Joey Dumont returns to the show to share the inspiration behind his poignant, touching, and raw new book, Joey Somebody: The Life and Times of a Recovering Douchebag. Out now and available in stores, Joey’s book is relatable and all too typical for those who have struggled with addiction, abuse, and any type of loss or trauma. Joey talks about getting through the “heavy” chapters in the writing process, and on to lighter and more self-deprecating stories, as well as how he shed a lot of his douchebaggery in the process. Joey also catches us up on how he has been coping throughout the pandemic, what we can expect from him next, and why you may never hear him yelling from a hotel basement again.
[4:18] Inspiration struck for Joey when his best childhood friend was tragically killed, and he saw how humor helped heal a fraction of the pain. In writing the book, he took the same approach to focus Chapters 1 to 4 on his tumultuous relationship with his father and step-father’s abuse, so he could get to the lighter matters towards the end.
[8:04] It was like therapy for Joey to write about his father, and he found the process therapeutic and cathartic. Yes, it was dark, but it became easier, the more he wrote.

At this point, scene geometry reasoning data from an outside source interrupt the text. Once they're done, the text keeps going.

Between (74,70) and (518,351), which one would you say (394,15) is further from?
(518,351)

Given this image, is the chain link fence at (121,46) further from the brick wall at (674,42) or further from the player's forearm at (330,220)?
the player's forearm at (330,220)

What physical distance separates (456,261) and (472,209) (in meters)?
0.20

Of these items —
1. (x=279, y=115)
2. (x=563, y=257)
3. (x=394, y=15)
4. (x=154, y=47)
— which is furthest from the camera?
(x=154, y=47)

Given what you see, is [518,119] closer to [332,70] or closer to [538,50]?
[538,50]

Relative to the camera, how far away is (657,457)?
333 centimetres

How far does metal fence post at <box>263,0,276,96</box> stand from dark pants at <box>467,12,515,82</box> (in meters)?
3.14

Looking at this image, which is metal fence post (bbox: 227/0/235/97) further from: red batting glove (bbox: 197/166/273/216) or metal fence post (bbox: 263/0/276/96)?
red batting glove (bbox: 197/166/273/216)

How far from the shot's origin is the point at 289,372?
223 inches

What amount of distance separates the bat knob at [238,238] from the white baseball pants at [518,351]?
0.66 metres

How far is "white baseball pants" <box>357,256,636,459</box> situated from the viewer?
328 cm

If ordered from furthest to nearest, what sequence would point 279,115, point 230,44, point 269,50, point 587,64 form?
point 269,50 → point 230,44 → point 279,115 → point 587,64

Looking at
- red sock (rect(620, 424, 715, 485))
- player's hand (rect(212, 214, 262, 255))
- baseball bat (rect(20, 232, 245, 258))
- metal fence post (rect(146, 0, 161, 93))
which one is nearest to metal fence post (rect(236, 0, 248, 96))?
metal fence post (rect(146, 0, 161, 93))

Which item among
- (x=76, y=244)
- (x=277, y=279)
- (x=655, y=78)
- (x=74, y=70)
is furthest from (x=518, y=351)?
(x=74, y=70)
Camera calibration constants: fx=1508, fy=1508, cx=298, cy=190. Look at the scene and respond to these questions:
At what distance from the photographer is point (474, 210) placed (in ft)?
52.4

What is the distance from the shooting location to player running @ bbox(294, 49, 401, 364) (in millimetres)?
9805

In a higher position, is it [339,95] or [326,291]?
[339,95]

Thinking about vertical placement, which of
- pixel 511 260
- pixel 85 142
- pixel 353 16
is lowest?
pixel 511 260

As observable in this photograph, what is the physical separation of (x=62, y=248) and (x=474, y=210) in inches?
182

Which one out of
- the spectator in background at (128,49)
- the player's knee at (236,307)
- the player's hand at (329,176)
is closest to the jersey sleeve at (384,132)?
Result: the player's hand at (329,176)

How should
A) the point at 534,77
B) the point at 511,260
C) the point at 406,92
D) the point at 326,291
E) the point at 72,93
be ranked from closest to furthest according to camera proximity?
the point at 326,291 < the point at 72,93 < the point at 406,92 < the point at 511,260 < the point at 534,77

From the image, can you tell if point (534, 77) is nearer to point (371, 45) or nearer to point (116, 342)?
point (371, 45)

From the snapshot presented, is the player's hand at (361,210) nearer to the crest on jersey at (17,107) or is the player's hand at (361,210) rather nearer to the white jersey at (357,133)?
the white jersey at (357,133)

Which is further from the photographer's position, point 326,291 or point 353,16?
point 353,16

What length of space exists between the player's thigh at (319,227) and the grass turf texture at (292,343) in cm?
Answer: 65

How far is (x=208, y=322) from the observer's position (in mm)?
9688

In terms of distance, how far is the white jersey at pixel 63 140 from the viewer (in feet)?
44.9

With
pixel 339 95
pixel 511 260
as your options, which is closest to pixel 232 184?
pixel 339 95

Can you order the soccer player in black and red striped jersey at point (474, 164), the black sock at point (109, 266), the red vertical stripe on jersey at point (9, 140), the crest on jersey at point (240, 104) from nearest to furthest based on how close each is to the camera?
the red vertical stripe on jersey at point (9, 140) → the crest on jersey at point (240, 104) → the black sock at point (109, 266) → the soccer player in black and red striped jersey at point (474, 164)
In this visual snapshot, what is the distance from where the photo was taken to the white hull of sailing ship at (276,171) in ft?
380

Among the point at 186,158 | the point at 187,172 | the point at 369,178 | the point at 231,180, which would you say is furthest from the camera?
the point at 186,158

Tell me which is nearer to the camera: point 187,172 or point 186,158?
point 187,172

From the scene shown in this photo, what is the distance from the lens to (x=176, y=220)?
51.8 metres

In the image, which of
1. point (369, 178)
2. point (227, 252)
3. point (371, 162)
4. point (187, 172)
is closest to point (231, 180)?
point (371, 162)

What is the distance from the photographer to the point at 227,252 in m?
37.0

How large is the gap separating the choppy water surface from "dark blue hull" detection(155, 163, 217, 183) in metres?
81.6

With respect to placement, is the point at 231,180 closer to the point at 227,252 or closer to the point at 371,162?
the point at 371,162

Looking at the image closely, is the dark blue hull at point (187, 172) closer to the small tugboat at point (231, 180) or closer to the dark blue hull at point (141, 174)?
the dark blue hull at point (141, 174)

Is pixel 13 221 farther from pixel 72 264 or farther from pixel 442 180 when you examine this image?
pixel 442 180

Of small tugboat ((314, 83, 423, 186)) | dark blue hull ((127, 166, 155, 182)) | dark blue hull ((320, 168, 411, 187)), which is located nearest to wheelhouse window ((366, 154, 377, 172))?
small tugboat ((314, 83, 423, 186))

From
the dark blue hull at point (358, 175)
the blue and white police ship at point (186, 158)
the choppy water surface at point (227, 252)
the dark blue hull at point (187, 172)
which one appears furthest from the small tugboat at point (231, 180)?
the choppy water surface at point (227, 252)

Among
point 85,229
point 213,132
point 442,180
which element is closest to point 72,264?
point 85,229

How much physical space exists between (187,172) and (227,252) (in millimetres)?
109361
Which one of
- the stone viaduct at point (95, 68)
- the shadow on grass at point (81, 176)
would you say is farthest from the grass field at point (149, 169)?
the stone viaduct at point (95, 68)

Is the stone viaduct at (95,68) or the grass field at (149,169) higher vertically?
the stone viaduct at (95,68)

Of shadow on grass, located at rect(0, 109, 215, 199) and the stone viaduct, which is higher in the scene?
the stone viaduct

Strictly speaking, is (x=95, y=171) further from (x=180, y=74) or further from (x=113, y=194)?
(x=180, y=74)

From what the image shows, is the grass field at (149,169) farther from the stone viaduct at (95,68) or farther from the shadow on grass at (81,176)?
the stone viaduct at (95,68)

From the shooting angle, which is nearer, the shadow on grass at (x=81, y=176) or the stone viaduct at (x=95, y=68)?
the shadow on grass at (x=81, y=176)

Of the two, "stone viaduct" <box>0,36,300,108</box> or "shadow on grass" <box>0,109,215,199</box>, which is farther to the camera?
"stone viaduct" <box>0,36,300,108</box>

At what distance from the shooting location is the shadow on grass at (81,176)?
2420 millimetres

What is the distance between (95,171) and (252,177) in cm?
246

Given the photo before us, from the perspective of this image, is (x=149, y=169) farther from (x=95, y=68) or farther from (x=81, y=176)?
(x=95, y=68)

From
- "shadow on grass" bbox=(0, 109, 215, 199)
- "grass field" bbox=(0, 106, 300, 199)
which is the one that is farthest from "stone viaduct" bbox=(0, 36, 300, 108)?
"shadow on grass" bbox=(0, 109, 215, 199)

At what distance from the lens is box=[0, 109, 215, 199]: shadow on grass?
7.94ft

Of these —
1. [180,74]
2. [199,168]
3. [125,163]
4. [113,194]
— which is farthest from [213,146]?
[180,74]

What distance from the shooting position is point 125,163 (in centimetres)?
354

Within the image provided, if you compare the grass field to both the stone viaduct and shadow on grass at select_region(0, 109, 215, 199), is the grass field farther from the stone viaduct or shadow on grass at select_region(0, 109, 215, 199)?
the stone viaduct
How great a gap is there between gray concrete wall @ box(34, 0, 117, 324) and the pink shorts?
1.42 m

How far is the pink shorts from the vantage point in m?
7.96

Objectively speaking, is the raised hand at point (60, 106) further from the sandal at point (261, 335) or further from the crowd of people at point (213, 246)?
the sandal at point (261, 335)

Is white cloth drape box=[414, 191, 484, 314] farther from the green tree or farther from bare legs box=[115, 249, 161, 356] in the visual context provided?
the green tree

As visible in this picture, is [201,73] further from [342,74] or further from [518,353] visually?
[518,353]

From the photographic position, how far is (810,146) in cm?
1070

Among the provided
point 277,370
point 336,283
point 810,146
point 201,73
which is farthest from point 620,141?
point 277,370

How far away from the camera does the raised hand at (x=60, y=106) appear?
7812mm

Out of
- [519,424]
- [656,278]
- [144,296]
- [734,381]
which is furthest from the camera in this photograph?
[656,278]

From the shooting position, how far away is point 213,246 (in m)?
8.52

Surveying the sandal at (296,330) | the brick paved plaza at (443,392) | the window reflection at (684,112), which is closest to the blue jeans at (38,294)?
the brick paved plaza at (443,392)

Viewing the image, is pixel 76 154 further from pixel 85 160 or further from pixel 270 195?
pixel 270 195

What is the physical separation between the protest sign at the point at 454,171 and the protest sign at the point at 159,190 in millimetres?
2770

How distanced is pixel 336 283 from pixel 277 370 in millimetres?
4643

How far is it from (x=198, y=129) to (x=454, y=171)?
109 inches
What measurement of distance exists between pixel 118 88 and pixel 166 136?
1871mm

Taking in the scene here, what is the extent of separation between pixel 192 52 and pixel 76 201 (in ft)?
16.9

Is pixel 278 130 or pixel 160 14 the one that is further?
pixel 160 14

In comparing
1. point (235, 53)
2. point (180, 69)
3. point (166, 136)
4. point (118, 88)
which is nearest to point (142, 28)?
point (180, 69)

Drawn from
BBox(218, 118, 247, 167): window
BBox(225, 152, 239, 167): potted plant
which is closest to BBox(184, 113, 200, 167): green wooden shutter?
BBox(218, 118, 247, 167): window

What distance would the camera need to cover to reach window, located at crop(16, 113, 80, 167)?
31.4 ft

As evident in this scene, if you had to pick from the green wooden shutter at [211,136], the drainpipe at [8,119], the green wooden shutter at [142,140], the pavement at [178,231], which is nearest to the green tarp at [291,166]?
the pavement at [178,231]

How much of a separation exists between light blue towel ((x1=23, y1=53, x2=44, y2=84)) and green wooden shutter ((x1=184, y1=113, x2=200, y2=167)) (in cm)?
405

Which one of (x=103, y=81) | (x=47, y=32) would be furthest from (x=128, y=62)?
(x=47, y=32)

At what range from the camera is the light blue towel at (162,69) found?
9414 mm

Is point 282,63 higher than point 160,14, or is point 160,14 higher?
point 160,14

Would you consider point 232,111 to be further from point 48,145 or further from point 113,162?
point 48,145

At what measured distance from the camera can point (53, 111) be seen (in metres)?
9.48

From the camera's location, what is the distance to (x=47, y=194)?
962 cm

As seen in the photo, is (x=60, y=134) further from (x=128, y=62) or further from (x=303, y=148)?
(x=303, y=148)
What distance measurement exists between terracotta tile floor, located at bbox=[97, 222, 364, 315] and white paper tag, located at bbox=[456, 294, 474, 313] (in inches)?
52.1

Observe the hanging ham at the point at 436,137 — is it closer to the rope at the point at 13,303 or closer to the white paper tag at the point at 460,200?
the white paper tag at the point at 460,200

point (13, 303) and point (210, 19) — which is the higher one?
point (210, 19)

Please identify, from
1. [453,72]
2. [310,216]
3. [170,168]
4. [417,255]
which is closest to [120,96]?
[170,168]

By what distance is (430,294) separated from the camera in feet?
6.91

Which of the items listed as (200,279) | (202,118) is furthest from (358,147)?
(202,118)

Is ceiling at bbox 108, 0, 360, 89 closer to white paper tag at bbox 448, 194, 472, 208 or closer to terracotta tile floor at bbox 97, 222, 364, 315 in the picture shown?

[11:36] His writing process was really the first time Joey relived his brother’s death as well, and he knew he had to feel the emotions and cycle them through rather than push them down or try to distract himself away from the pain.
[17:37] Men, especially in our society, are taught to not show their emotions or grief when really being vulnerable actually takes courage.
[18:09] The persona we often carry around is heavy. If you can laugh at yourself, it helps you grow and even gives others around you the permission to be themselves.
[24:02] Joey shares his top douchebag moments that even to this day he still mildly cringes about! Gold watches and custom suits, we sure have come a long way.
[35:20] Confidence is great, but arrogance and puffing up due to insecurity typically have a different outcome. We need confidence to excel in the external world, but Joey talks about how he was able to connect more as a human with others when he realized how he was puffing up due to insecurity.
[50:31] Although Joey sprinkles in a lot of humor in his work, he knows mental health and addiction are two serious topics. What makes this book so powerful is how relatable and typical it is.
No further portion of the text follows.